Curitiba e a Região Metropolitana devem enfrentar um aumento no risco de temporais, chuvas intensas, alagamentos e rajadas de vento com o fortalecimento do El Niño, que poderá atingir intensidade forte ou muito forte nos próximos meses. De acordo com projeções da NOAA (Administração Oceânica e Atmosférica Nacional dos Estados Unidos) e análises do Simepar (Sistema de Tecnologia e Monitoramento Ambiental do Paraná), o fenômeno deve alcançar o pico entre outubro e dezembro de 2026, período em que os impactos costumam ser mais intensos sobre o Sul do Brasil.
Embora as regiões Oeste e Sudoeste do Paraná devam registrar os maiores volumes de chuva, a Região Metropolitana de Curitiba também está entre as áreas com previsão de precipitações acima da média histórica. A expectativa é de maior frequência de temporais acompanhados por raios, ventos fortes, granizo e acumulados elevados de chuva em curtos períodos, aumentando o risco de enchentes, enxurradas, alagamentos e deslizamentos de terra.
Segundo o Simepar, eventos de El Niño com intensidade forte favorecem a formação de sistemas convectivos de mesoescala, fenômenos atmosféricos capazes de provocar tempestades severas, elevada incidência de descargas elétricas, rajadas de vento e queda de granizo.
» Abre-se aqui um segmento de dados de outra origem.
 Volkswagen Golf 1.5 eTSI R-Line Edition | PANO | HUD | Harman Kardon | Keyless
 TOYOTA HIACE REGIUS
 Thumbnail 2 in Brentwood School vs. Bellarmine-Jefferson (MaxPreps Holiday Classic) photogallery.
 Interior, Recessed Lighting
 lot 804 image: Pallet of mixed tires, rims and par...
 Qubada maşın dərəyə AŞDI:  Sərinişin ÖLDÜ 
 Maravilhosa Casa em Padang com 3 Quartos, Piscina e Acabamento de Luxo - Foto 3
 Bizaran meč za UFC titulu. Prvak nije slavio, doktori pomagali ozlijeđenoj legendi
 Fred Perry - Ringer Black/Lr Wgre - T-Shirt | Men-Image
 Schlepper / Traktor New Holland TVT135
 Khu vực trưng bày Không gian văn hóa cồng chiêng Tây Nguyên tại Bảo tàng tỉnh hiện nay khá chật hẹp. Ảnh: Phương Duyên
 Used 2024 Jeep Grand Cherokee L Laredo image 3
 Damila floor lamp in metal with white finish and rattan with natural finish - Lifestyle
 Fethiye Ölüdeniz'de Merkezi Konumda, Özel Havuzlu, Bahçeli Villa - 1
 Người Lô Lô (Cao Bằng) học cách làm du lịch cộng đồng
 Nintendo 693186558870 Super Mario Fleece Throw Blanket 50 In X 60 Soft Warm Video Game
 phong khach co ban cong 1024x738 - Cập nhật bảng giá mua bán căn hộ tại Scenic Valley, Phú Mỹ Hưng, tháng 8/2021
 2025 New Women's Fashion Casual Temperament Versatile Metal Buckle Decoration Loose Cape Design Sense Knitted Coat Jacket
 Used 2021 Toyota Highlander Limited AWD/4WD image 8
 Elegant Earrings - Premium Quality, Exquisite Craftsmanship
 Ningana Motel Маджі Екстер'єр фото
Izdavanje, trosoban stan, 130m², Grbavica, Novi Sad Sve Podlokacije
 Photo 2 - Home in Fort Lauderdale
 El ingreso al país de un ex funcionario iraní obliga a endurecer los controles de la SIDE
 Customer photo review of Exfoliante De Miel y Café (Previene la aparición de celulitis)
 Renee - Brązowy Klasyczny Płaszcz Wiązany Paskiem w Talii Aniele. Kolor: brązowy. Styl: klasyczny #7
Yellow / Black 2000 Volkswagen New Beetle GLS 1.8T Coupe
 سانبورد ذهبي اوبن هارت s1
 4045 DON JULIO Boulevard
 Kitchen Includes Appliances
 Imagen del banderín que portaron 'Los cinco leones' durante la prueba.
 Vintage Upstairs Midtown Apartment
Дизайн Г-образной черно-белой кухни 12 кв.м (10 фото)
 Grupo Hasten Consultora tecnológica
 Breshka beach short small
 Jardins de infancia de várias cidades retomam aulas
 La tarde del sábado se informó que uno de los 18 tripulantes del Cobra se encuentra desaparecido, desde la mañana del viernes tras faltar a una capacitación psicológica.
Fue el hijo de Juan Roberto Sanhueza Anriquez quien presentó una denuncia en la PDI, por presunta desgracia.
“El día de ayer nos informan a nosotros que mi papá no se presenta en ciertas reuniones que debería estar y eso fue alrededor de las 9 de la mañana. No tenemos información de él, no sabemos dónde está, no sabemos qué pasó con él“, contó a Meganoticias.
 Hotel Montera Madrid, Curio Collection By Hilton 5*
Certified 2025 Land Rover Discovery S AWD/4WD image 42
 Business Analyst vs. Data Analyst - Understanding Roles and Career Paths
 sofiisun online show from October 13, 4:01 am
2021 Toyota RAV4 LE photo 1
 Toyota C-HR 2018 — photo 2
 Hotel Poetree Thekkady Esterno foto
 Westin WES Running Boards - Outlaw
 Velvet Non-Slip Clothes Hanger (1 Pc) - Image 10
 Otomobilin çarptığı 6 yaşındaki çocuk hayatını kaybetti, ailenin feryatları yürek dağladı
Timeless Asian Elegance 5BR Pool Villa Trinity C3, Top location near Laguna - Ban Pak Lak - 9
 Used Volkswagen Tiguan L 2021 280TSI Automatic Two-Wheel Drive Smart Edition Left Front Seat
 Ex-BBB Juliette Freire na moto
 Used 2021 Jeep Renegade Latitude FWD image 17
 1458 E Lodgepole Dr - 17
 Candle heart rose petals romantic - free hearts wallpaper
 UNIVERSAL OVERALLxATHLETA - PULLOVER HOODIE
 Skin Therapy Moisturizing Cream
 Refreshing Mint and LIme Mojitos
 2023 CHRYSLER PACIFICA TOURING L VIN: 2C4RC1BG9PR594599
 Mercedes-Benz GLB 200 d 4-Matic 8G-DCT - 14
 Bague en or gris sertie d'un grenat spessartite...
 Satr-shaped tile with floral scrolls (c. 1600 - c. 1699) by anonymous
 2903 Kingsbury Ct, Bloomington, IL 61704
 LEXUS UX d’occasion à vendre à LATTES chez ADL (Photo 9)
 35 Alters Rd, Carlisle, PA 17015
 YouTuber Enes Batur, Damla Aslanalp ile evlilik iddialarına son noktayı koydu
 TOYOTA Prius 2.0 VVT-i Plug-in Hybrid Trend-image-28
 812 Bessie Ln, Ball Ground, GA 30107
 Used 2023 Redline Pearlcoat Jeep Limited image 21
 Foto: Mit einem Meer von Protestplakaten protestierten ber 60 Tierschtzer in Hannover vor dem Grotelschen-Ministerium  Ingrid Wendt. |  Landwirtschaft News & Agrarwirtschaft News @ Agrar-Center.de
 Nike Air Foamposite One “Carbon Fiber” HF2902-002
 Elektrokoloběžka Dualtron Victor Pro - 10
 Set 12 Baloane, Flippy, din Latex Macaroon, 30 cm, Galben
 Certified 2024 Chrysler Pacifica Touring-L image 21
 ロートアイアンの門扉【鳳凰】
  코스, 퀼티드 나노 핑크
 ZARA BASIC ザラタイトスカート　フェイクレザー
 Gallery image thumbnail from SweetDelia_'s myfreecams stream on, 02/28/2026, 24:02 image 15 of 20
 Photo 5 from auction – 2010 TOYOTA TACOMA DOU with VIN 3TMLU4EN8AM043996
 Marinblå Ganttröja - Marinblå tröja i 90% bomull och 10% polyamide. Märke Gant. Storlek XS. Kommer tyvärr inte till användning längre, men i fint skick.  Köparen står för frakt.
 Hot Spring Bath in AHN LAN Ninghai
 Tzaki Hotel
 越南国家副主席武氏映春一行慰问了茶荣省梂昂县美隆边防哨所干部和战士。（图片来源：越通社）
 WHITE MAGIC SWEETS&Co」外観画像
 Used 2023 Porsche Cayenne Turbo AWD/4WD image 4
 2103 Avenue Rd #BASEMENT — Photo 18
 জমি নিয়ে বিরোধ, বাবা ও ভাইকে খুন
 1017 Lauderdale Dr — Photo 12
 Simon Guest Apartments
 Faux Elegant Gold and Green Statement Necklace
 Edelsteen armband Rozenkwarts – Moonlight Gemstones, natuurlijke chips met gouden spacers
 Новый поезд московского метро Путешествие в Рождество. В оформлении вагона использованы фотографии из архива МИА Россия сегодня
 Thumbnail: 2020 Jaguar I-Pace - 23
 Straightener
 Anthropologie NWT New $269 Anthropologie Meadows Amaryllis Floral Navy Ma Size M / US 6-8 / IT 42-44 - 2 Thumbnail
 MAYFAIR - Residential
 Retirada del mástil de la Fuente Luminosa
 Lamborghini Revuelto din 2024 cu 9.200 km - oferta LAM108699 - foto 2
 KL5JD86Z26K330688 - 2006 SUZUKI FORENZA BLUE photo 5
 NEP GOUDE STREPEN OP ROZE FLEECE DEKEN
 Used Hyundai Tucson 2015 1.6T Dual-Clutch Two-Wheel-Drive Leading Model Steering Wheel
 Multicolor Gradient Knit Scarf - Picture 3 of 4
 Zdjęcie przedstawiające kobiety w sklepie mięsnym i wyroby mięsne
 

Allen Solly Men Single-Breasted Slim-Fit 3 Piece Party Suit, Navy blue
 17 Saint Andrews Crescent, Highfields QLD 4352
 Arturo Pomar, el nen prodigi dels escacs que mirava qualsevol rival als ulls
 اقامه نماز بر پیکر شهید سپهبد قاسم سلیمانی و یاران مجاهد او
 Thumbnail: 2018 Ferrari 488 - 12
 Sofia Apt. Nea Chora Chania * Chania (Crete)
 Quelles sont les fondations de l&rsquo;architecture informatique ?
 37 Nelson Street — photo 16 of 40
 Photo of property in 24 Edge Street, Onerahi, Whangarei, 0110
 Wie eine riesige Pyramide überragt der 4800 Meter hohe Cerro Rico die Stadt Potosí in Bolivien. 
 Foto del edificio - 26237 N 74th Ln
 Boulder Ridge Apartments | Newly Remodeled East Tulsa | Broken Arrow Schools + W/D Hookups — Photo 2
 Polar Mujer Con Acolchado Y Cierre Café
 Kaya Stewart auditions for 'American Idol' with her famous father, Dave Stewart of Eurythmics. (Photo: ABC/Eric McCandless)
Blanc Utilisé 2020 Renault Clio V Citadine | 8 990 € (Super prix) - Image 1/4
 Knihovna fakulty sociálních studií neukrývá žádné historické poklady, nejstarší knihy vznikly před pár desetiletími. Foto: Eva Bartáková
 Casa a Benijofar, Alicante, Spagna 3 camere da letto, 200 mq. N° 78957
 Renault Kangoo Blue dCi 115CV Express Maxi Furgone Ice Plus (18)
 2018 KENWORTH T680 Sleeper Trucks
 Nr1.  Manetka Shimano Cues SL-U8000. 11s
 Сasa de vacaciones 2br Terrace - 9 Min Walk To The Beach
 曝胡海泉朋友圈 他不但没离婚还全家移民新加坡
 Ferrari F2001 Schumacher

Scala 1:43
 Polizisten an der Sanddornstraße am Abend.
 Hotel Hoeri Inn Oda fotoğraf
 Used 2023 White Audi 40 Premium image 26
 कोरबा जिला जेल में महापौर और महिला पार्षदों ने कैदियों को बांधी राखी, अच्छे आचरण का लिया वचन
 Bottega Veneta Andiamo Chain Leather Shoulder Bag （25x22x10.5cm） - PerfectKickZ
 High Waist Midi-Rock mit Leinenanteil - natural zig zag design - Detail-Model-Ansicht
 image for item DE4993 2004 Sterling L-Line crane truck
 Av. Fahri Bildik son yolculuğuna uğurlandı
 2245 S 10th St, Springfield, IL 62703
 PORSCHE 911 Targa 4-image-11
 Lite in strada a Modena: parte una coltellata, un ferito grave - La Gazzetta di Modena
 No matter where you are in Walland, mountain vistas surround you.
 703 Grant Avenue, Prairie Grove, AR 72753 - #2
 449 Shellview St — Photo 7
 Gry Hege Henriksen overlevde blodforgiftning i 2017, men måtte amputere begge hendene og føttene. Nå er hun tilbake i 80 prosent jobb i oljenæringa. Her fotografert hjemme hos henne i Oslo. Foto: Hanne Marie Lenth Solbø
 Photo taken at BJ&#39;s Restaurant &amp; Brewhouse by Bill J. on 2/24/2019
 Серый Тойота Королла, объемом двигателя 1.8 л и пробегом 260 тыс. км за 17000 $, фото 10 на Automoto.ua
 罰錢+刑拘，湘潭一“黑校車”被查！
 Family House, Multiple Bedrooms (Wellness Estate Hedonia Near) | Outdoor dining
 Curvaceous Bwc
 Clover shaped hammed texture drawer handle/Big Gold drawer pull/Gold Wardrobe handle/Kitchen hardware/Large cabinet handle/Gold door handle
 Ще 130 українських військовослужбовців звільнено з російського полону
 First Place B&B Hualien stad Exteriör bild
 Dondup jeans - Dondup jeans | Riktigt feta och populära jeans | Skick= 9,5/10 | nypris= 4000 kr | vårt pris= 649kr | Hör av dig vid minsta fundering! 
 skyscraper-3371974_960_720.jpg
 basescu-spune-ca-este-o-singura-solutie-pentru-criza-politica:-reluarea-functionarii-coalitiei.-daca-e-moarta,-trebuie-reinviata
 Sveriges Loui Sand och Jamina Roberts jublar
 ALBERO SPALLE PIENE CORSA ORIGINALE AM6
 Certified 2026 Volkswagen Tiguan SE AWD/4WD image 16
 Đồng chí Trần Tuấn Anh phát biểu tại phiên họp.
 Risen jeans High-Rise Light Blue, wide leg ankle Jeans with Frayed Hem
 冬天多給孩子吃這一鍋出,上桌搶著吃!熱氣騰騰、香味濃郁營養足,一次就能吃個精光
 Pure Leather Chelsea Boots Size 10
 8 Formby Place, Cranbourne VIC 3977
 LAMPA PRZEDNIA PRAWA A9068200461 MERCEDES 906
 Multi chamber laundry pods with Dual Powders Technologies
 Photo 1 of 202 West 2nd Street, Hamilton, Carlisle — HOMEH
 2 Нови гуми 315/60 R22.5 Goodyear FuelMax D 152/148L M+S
As projeções indicam que o fenômeno continuará ganhando força durante o inverno, atingindo sua máxima intensidade entre a primavera de 2026 e o verão de 2027. Os modelos climáticos apontam mais de 80% de probabilidade de o evento alcançar intensidade forte ou muito forte.
O El Niño é provocado pelo aquecimento anormal das águas superficiais do Oceano Pacífico Equatorial, alterando a circulação atmosférica em diversas partes do planeta. Quando a temperatura da superfície do mar supera 2°C acima da média histórica, o episódio passa a ser classificado como um Super El Niño, condição que potencializa a ocorrência de eventos climáticos extremos.
Além do aumento das chuvas no Sul do país, o fenômeno deve provocar calor acima da média e redução das precipitações no Centro-Oeste, tempo mais seco e maior risco de queimadas na Região Norte, além de temperaturas elevadas e diminuição das chuvas no Nordeste.
No Paraná, os especialistas alertam que o fortalecimento do sistema pode resultar em temporais mais frequentes, enchentes, alagamentos urbanos, deslizamentos de terra, ventos intensos, queda de granizo e alta incidência de raios. Durante o inverno, os períodos de estiagem tendem a ser mais curtos, enquanto a primavera poderá registrar episódios prolongados de chuva.
Na agricultura, o aumento da umidade pode beneficiar algumas culturas, mas também elevar o risco de doenças fúngicas, atrasar o plantio e a colheita, comprometer a qualidade dos grãos e favorecer processos de erosão do solo.
Apesar das tendências climáticas para os próximos meses, o Simepar ressalta que previsões sazonais não substituem o acompanhamento diário das condições meteorológicas, já que a ocorrência de cada evento depende da atuação de frentes frias, áreas de baixa pressão e outros sistemas atmosféricos.